DATA TO PROCESS →
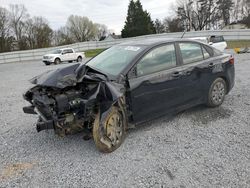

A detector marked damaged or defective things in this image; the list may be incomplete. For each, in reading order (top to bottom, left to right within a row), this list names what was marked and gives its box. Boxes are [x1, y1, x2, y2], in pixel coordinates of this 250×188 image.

damaged black sedan [23, 39, 234, 152]
exposed wheel [207, 77, 227, 107]
exposed wheel [93, 106, 126, 152]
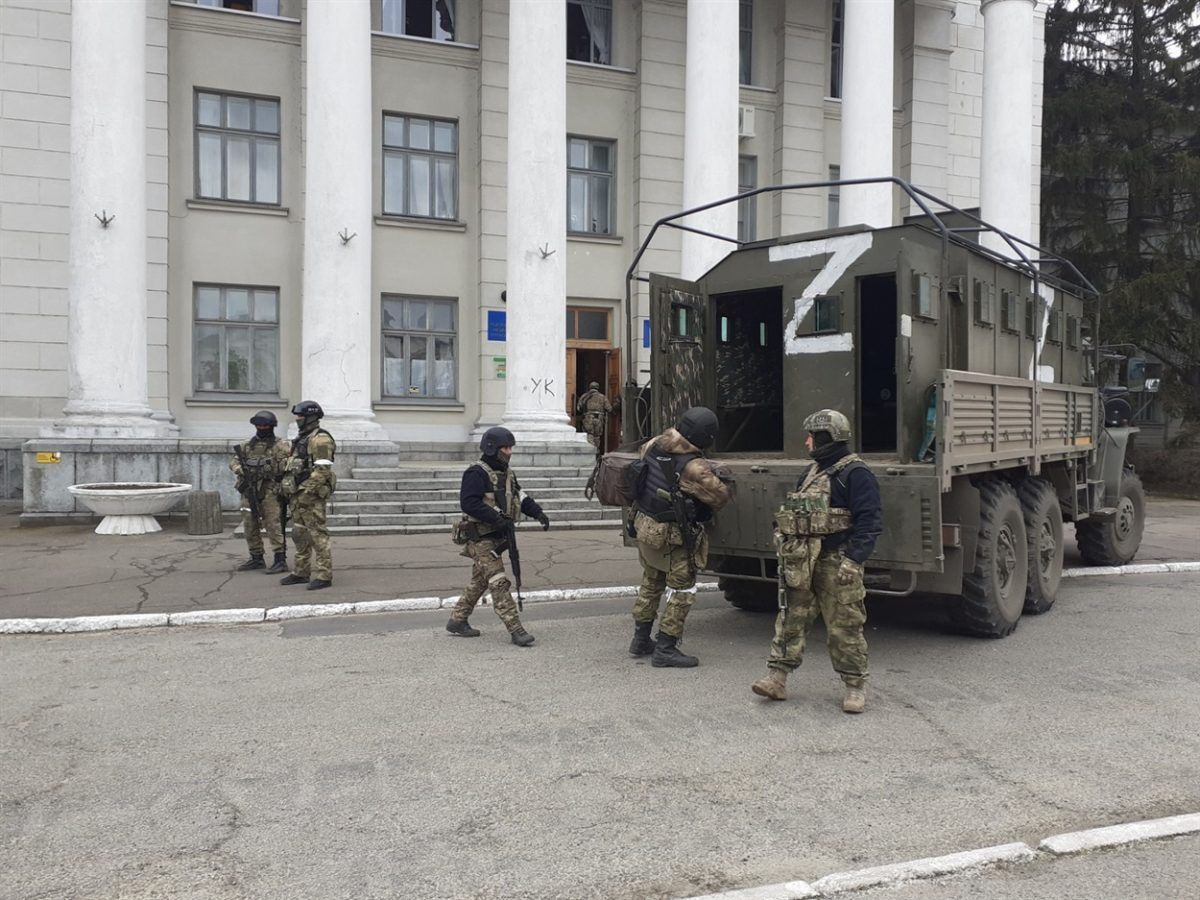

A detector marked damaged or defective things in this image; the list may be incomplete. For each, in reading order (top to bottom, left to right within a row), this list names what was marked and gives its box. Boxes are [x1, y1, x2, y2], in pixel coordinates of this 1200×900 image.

cracked pavement [4, 496, 1192, 624]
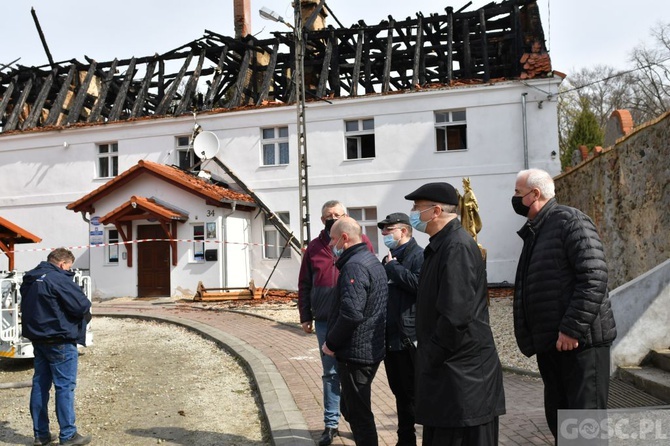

TASK PROMPT → Leave out the pictures and return every record word for word.

ANSWER BOX →
A detector marked damaged or defective things in this image; the list may be incomplete. For each, in reading order (top to bottom, left to right within a row), this list names what was marked and gives its box. Boxes are [x1, y1, x2, y2], in pixel coordinates of this 250×188 image.

damaged black sedan [23, 39, 234, 152]
exposed wheel [207, 77, 227, 107]
exposed wheel [93, 106, 126, 152]

A detector marked damaged or defective things in this image; the list may be incomplete. For each, in reading order (top to bottom, left to right within a row), this list names what was marked and gives its box. Boxes are [x1, y1, x2, y2], in pixel coordinates of this 1200×900 image.

cracked pavement [4, 496, 1192, 624]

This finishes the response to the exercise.